La volonté de diaboliser l’Eglise

Dans le récit que fait le pape François des années de pontificat de Benoît XVI et de Jean-Paul II, il y a une volonté de dépeindre la Curie romaine comme un environnement plein d’intrigues destinées à tenir le pape à l’écart. Même en ce qui concerne la Congrégation pour les évêques, François se laisse aller à des commentaires peu élégants. Tout cela parce que c’est cet environnement qui l’a maintenu en Argentine aussi longtemps qu’il l’a pu, car tout le monde savait ce que Bergoglio pensait et ce qu’il avait fait au fil des ans.

Les erreurs de Martinez Brocal

Brocal révèle qu’il a consacré beaucoup d’espace à Ganswein lorsqu’il a raconté la mort de Benoît XVI. Un espace qu’il lui consacre également dans ce livre (page 125), précisément parce que l’objectif du texte est de l’attaquer, de le décrire comme peu fiable, stratège, calculateur . D’un côté, l’image de Benoît XVI victime d’une machination est offerte, de l’autre, l’image d’un homme sans scrupules qui l’a tenu sous son emprise.

Ce livre contient de nombreuses erreurs de l’auteur.

L’auteur parle d’une « crosse » qui n’a pas été placée dans le cercueil de Benoît XVI. Or, le pape ne porte pas la crosse mais la férule. Brocal se vante souvent dans ce texte d’avoir servi les papes pendant des années, mais il n’en connaît même pas les rudiments.

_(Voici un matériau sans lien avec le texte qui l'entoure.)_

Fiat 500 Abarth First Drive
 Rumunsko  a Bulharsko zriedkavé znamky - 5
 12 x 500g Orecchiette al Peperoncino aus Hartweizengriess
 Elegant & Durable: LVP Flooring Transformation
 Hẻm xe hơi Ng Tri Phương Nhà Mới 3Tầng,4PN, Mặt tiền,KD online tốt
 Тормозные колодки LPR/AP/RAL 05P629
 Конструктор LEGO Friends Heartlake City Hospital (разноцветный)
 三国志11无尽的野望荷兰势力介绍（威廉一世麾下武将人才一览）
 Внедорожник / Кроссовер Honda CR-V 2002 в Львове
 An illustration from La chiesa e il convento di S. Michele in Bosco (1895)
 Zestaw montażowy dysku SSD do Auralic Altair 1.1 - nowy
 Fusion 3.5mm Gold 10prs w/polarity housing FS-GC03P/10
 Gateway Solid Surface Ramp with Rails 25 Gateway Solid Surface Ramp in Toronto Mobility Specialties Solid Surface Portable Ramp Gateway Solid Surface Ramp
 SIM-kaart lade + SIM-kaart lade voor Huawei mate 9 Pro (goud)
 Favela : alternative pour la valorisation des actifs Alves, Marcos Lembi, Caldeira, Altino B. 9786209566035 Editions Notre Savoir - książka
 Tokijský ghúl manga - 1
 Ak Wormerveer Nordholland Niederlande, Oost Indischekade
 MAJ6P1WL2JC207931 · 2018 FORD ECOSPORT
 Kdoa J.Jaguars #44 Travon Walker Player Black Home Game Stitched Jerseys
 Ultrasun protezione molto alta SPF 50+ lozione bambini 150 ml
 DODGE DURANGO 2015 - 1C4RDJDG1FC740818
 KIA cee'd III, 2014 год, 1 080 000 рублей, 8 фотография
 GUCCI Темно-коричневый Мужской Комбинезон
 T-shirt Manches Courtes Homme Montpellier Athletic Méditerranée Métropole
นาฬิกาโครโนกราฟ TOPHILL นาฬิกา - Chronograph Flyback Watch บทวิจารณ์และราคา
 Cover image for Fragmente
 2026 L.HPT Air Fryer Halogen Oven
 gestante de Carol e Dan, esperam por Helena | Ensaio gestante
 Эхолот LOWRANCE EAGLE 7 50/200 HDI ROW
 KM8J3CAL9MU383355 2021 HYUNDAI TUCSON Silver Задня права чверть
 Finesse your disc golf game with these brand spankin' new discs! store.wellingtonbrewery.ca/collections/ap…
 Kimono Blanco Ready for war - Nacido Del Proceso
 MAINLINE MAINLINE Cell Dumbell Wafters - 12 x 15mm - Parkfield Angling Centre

L’auteur rapporte que le pape Benoît XVI a été transporté « sur un corbillard », du monastère à la basilique vaticane (p. 130). L’affirmation est fausse, le pontife a été chargé dans un minibus parmi ceux utilisés pour transporter les évêques lors des visites ad limina . Le choix était risqué et très irrespectueux du défunt, car deux personnes ont dû monter à bord pour tenir le corps, sans quoi le corps de Benoît aurait risqué d’aller dans tous les sens au cours du voyage. Les chiffres mentionnés par Brocal sont également manifestement faux. Il suffit de dire qu’il y a eu environ 5000 presbytres concélébrant à eux seuls. Jamais autant de prêtres n’avaient concélébré lors d’une célébration du pape François, pas même lors de la messe chrismale.

Le pape François n’a jamais voulu que des hommes mariés soient ordonnés. Contrairement à ce qu’affirme Martinez (p. 71), le pape n’envisageait pas une réponse permettant l’ordination d’hommes mariés, mais écrivait : 

 » Dans les circonstances spécifiques de l’Amazonie, en particulier dans ses forêts et ses lieux les plus reculés, il faut trouver un moyen d’assurer le ministère sacerdotal. Les laïcs pourront proclamer la Parole, enseigner, organiser leurs communautés, célébrer certains sacrements, rechercher diverses expressions de la piété populaire et développer les nombreux dons que l’Esprit répand sur eux. Mais ils ont besoin de la célébration de l’Eucharistie, parce qu’elle  » fait l’Église « , et nous allons jusqu’à dire qu' » il n’est pas possible qu’une communauté chrétienne se forme si la célébration de la sainte Eucharistie n’en est pas la racine et la pierre angulaire « . Si nous croyons vraiment que c’est le cas, il est urgent de veiller à ce que les peuples amazoniens ne soient pas privés de la nourriture de la vie nouvelle et du sacrement du pardon.

.

Ce besoin pressant me conduit à exhorter tous les évêques, en particulier ceux d’Amérique latine, non seulement à promouvoir la prière pour les vocations sacerdotales, mais aussi à être plus généreux, en orientant vers l’Amazonie ceux qui manifestent une vocation missionnaire. En même temps, il convient de revoir en profondeur la structure et le contenu de la formation initiale et permanente des prêtres, afin qu’ils acquièrent les attitudes et les compétences nécessaires pour dialoguer avec les cultures amazoniennes. Cette formation doit être éminemment pastorale et favoriser la croissance de la miséricorde sacerdotale » 

Exhortation Querida Amazonia 89-90

En conclusion, on ne peut que souligner à quel point Brocal n’a pas saisi l’invitation faite par Benoît XVI, à savoir d’être authentique dans son travail. Au contraire, dans ce cas, il s’est prêté à une opération, peu digne d’un pontife, visant à dénigrer son prédécesseur et en particulier ceux qui ont « osé parler ».